Import CSV .ParseNumbers behaves different

I have a .csv file with 3 lines:

#serial-number;device-position;device-identification;created;value-data-count;manufacturer;version;device-type;access-number;status;signature;fabrication-no,,inst-value,0,0,0;volume,m3,inst-value,0,0,0
0016021700;A-1001-VM1 [052000480] [1];20107866;2022-01-31 00:00:00;00;GWF;60;warm water (30°C-90°C);186;0;0;20107866;9,308
0016021700;A-1001-VM1 [052000480] [1];20107866;2022-02-01 00:00:00;00;GWF;60;warm water (30°C-90°C);210;0;0;20107866;9,370

This topic concerns the last value in line-2 and line-3 of the csv:

9,308 and 9,370

If I use v47.0.1345 and I import the csv with “.ParseNumbers=False” the output is the same as the input:

9,308 and 9,370

If I now do the same with the latest release 47.0.1398 the output is:

09/01/0308 00:00:00 and 09/01/0370 00:00:00

The last result is not correct.

Can you fix this?

Hi Ton,

Try setting the new CsvLoadOptions.ParseDates property to false as well.

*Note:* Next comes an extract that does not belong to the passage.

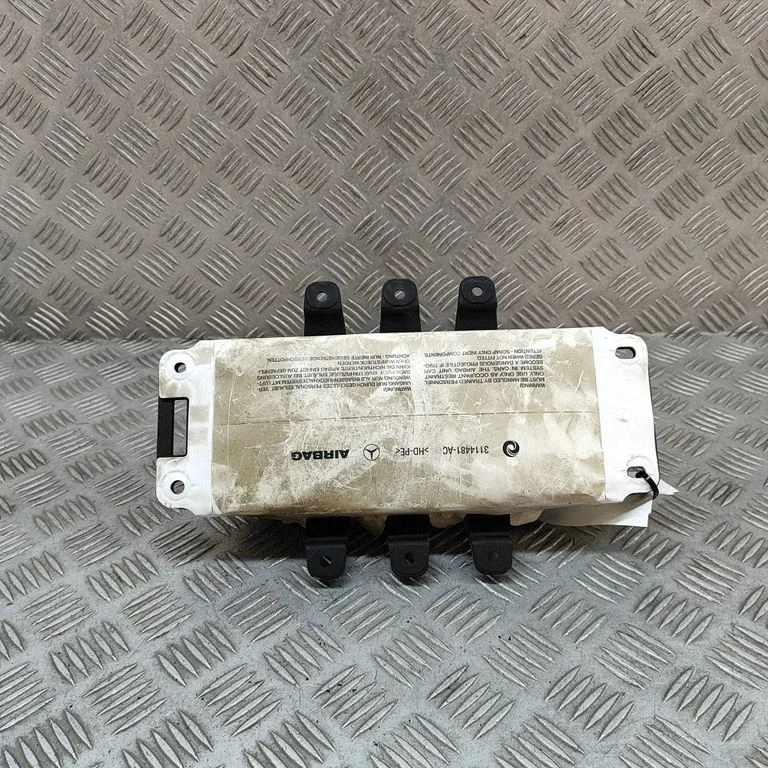 Passenger airbag – Mercedes-Benz C-Class W206 (2021-)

Or, you can specify exactly what data formats you want to parse, for example:

var options = new CsvLoadOptions(CsvType.SemicolonDelimited);
options.ParseNumbers = false;
options.DateTimeFormats = new string[] { "yyyy-MM-dd hh:mm:ss" };

var workbook = ExcelFile.Load("input.csv", options);
workbook.Save("output.xlsx");

This way the values in the “created” column will still end up being parsed as DateTime values, but those last digits will remain as they were.

I hope this helps.

Regards,
Mario

I could set .ParseDates to false…but what about if the csv contains dates that I want to treat as dates?

And how can a value of “9,308” be interpreted as a date? Doesn’t the default “DateTimeFormats” setting following system defaults? If so, it shouldn’t treat this value as a date!?

Also, why did it work correctly in 47.0.1345 but doesn’t work correctly in 47.0.1398?

I’m afraid if I set ParseDates to False I’ll run into new problems in the future…

BR, Ton.

Please take a look at my second suggestion, the one that sets the DateTimeFormats.

Yes, the default uses the system defaults and it is parsing this value as a date.
Please try the following:

string value = "9,308";
var style = DateTimeStyles.None;
var culture = CultureInfo.InvariantCulture;

Console.WriteLine(DateTime.TryParse(value, culture, style, out DateTime result));
Console.WriteLine(result);

Because the support for reading DateTime values from CSV (and HTML) files was added in the current latest release, see the release notes:
https://www.gemboxsoftware.com/spreadsheet/downloads/bugfixes.html

What kind of problems?

This property didn’t exist before, so if you set it to false it should behave exactly how it previously behaved when it didn’t exist.

Regards,
Mario

Hi Mario,

I’ll add some options to let the client set the .ParseDates option together with the dateformat…they won’t be happy because this means they have to manually edit a lot of workflows which process csv files. In that regard this new option breaks backwards compatibility…because:

if this is a new option and the behaviour of the “old” version is comparable to “.ParseDates=False” then I think it would have been better to let .ParseDates be “False” by default…it seems the default is now “True”…if it was .False by default I would not have run into this issue and my clients wouldn’t need to update all their workflows…

BR, Ton.

Also…it seems that you might get a lot of “false positives” when strings like

9,3
8,13
7,234
etc.

…will be converted to a “DateTimeFormat” when no custom format is set; in that case the default system format will cause all these values to be interpreted as dates…which is not a good thing I think!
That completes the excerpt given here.